I sometimes am too quick to say that people just aren't done drinking yet, or perhaps they are not even alcoholic. I think the woman above just hadn't hit any kind of bottom I am familiar with. She didn't seem to have a real alcoholic story. She had a tragic story of some losses and some problems and probably some mental illness. I think some counselor or another told her to go to AA. When she had problems, she ran to her prescription bottle, and that is a process I do not understand. I wanted with all of my heart to help her because I really liked her, but I think I was ill equipped to help her. Sadly, I may have done her more harm than good.
The first guy? He definitely qualified for membership in Alcoholics Anonymous. From listening to him share in meetings for years, I know he had a real alcoholic history. He had hit a real alcoholic bottom. And he had really gotten sober for a number of years. I believe it was 5 and a half years. He was sponsoring several men. He was wildly successful - in terms of a house in the mountains, a pretty young wife, a seemingly thriving business. He drove expensive cars all the time. A Jaguar one week, a Mercedes the next, etc. But it all came crumbling down, he drank again, and he died. And the devastation that followed for many people was chronicled in lurid detail on the evening news for weeks following his death.
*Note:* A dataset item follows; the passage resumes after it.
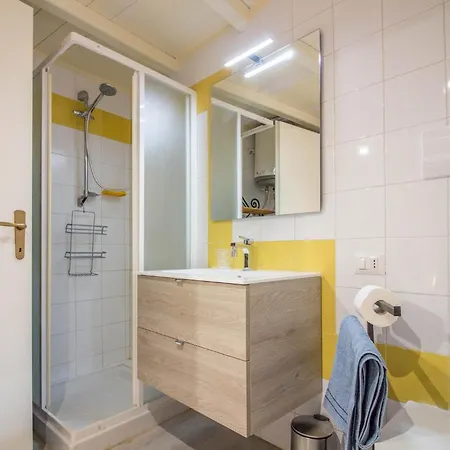 Guesthost - Sea View Apt, Pool & Parking! Διαμέρισμα *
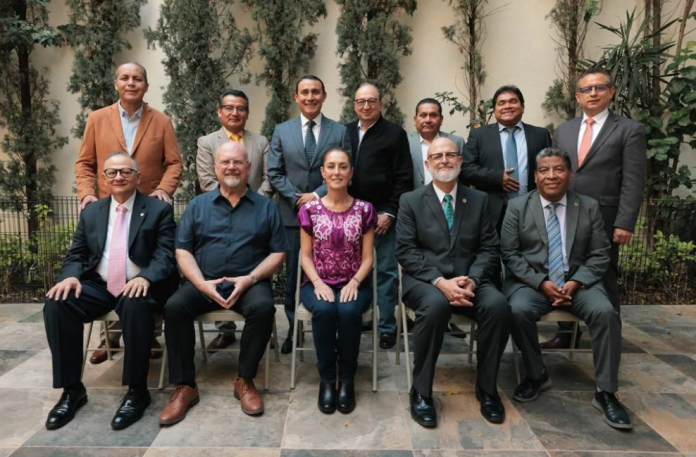 Se reúne Claudia Sheinbaum con representantes de más de 30 mil templos de la comunidad Evangélica del país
I think sometimes we stress the wrong things. We love to talk about all our "happy joyous and free" and "go to meetings" and "keep coming back." I guess we don't so much like to talk about getting down to causes and conditions and writing inventory, talking to another about it, asking God to change us, making amends and then continuing in steps 10, 11 , and 12 once we have thoroughly done the others. This is serious stuff. This is WAY beyond going to a few meetings and making a few phone calls.
This radically changes who we are as people.
They told me when I came to AA that the woman I was was a drunk - and she would drink again. I had to become someone entirely different. God and the wonderful people in Alcoholics Anonymous could help me to do that.
One day at at time, they have done just that. And for that, I am truly grateful.